People with moderate to severe intellectual disabilities, and those with additional physical disabilities, form the majority of learning-disabled people experiencing sexual violence.

===Detection of sexual abuse risk===

Detection of Sexual Abuse Risk Screening Scale (DSARss) The DSARss is a brief screening measure designed to assess the risk of experiencing SA for people with ID. The scale consists of 19 items, which are grouped into four factors:

1. Acceptance of the abuse due to affection- The denial of the risk of SA by people in the victim's immediate environment.

- “My father takes care of me, so it is okay to have sexual relationships with him.”
- ”My teacher takes care of me, so it is okay to have sexual relationships with him.”
- “My schoolmates take care of me, so it is okay to have sexual relationships with them.”
- ”My uncle takes care of me, so it is okay to have sexual relationships with him.”

2. Denial of the risk associated with places- The perception of invulnerability to SA associated with places.

- “It is impossible to be sexually abused in the street.”
- “It is impossible to be sexually abused in my home.”
- “It is impossible to be sexually abused in a public place (e.g., school, day care centre . . .).”

3. Risk factors and self-protection skills- The presence of risk indicators associated with drug use or lack of parental supervision and mastery of coping skills.
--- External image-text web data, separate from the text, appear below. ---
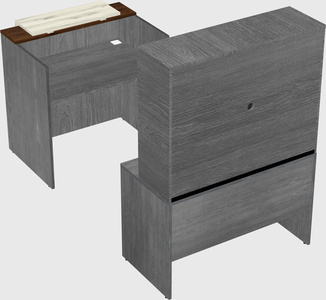 Modular reception desk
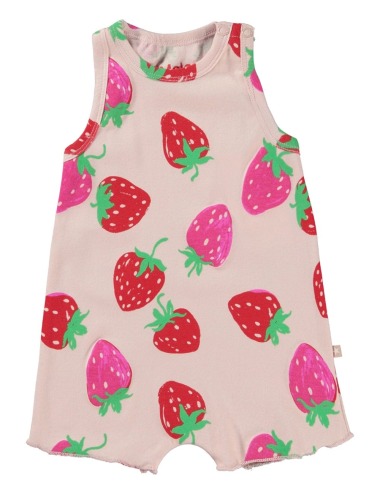 MONO SIN MANGAS FLORIS STRAWBERRYS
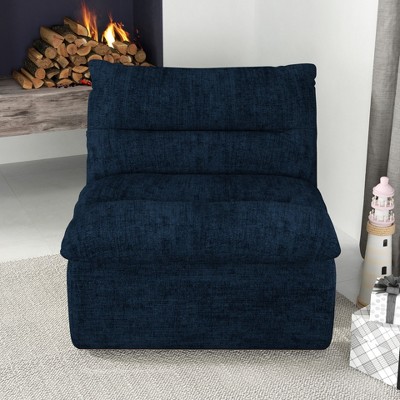 CAVINAS Bean Bag Chair Chaise Lazy Floor Sofa Modern Armless Lounge Chair Corner Sofa Chair for Living Room, Bedroom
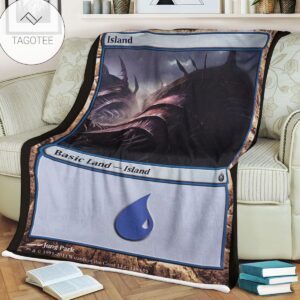 Game Mtg Magic The Gathering Mbs 149 Island Fleece Blanket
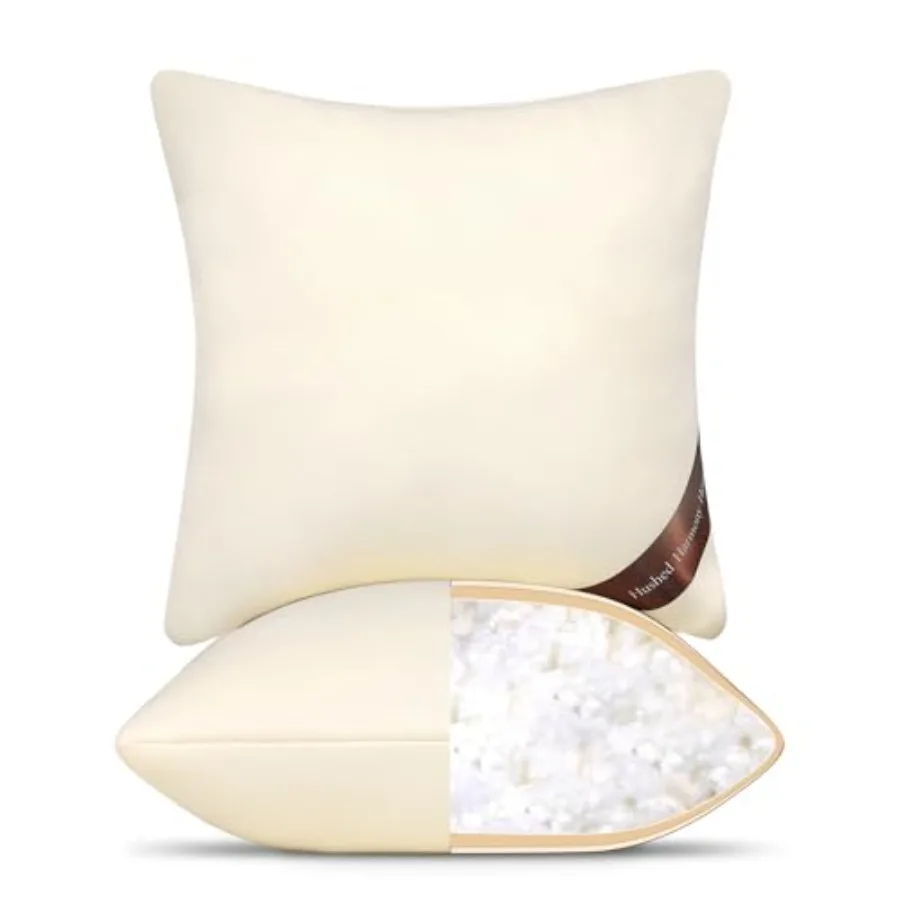 Pillow Inserts Set of 2 - Shredded Memory Foam with 3-Layer Hybrid Construction - Supportive 20 Pillow Insert for Couch Throw P
Pillow Inserts Set of 2 - Shredded Memory Foam with 3-Layer Hybrid Construction - Supportive 20 Pillow Insert for Couch Throw P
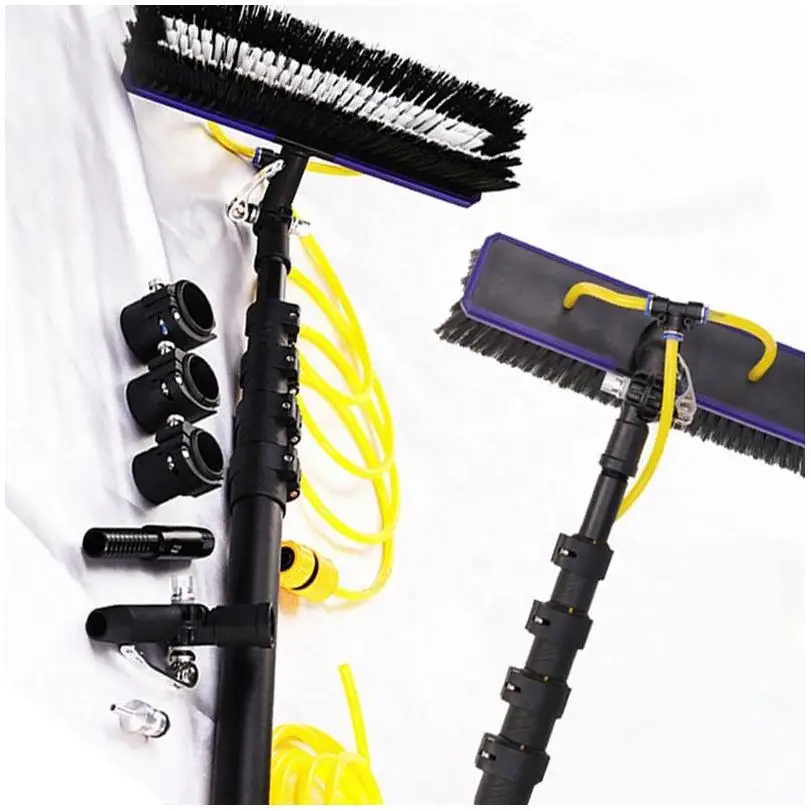 Carbon Fiber Tube Pole tubos lac negro de acero al carbono Adjustable 2023 Environmental Protection Long Handle Cleaning Brush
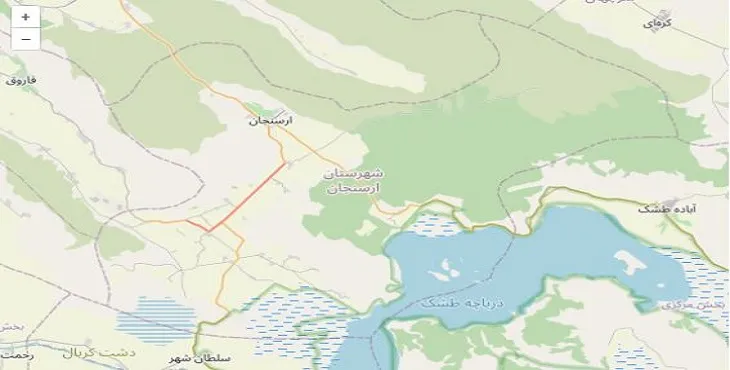 دانلود نقشه شهرستان ارسنجان + pdf با کیفیت بالا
- “I am more likely to be sexually abused if someone offers me alcohol insistently.”
- “I am less likely to be sexually abused if my parents know where and with whom I go out.”
- “I am more likely to be sexually abused if I am in a deserted area during the night.”
- ”If someone tries to abuse me, I must cry “Stop! Help!””
- “I should be suspicious of a stranger who offers me a gift.”
- ”If someone sexually abuses me, I should report it to the police.”
- ”If someone sexually abuses me, I should report it to my teacher.”

- “It is better not to say anything if someone touches my privates without my consent.”

4. Lack of awareness of intimacy rules- The person's knowledge about what constitutes a potential threat to personal space.

- “It is okay if someone I know touches my butt.”
- ”It is okay if I let that people show my privates.”
- “If I like someone, I can allow him or her to touch my privates.
- “If someone touches me when I do not want, I have to let him or her anyway.”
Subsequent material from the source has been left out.